Я уже писал, что основным моим оружием был «Северок» Это сказано так, для красного словца. Находиться в тылу врага и при этом не применять оружия – это значить погрешить против истины.
В конце мая 1943 года после многодневных боев наша бригада была блокирована противником в треугольнике двух рек – Десны и Навли. Чтобы выбраться из окружения, нужно было выйти к реке Навля и форсировать ее. В этом ночном бою я расстрелял из своего автомата все патроны, о чем в последствии пришлось сожалеть, поскольку в бригаде не оказалось запаса патрон. В этом бою бригада понесла большие потери.
Когда я переправлялся через Навлю, то, спасая рацию, я греб не руками, а ногами. На руках поднял вверх рацию, чтобы ее не замочить. Доплыв до середины реки, я все глубже и глубже стал погружаться на дно. Пришлось освободиться от сапог.
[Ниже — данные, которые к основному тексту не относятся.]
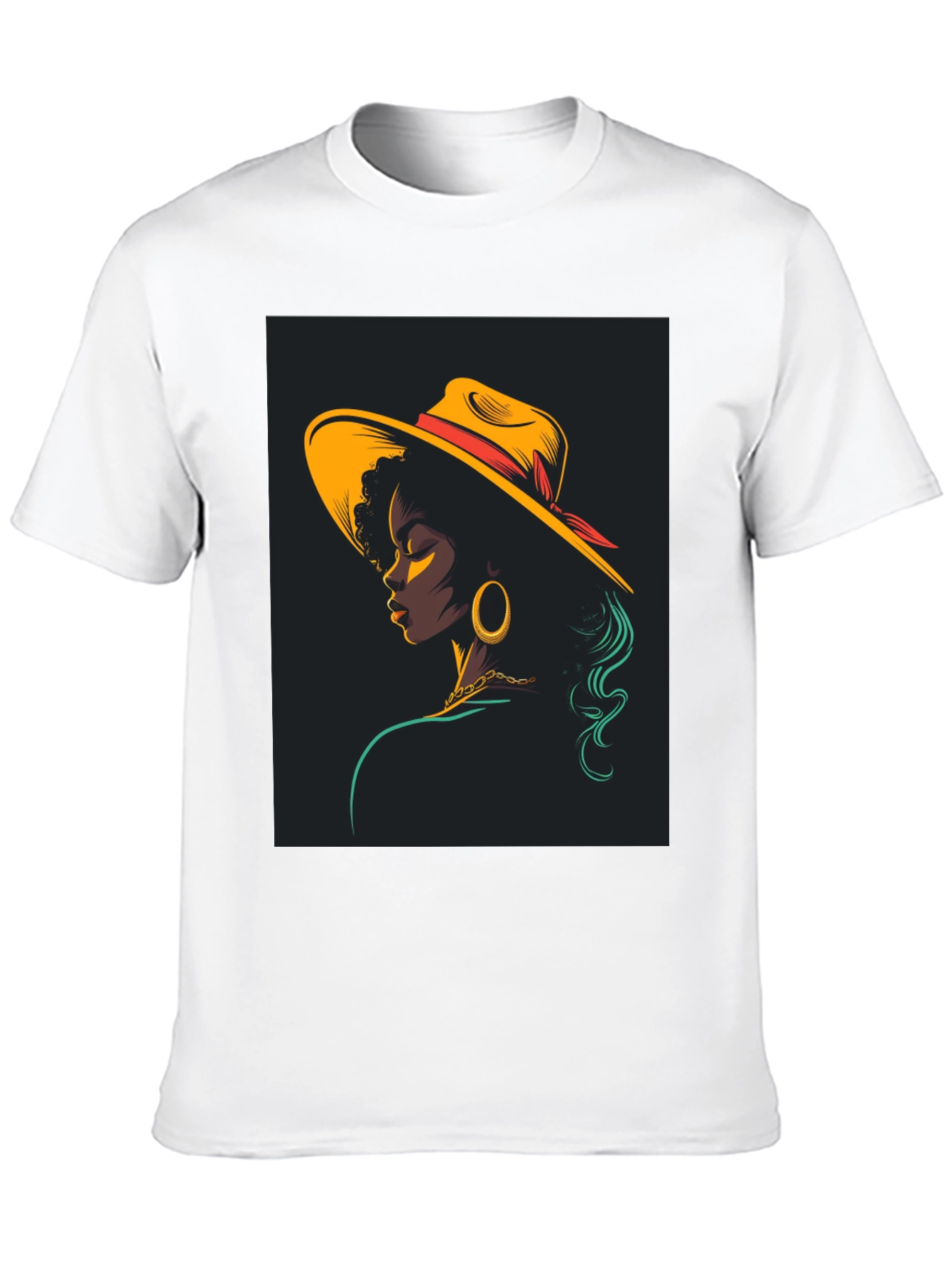 Stylish Black T-Shirt with Retro Woman Graphic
На другой берег выбрался совершенно босым, но зато спас рацию и ее работоспособность.
После выхода из окружения, моим оружием снова стал «Северок». В Центр было передано несколько разведданных, заявки на боеприпасы, питание для рации, продовольствие и несколько комплектов обмундирования. Я получил новенькие кирзовые сапоги.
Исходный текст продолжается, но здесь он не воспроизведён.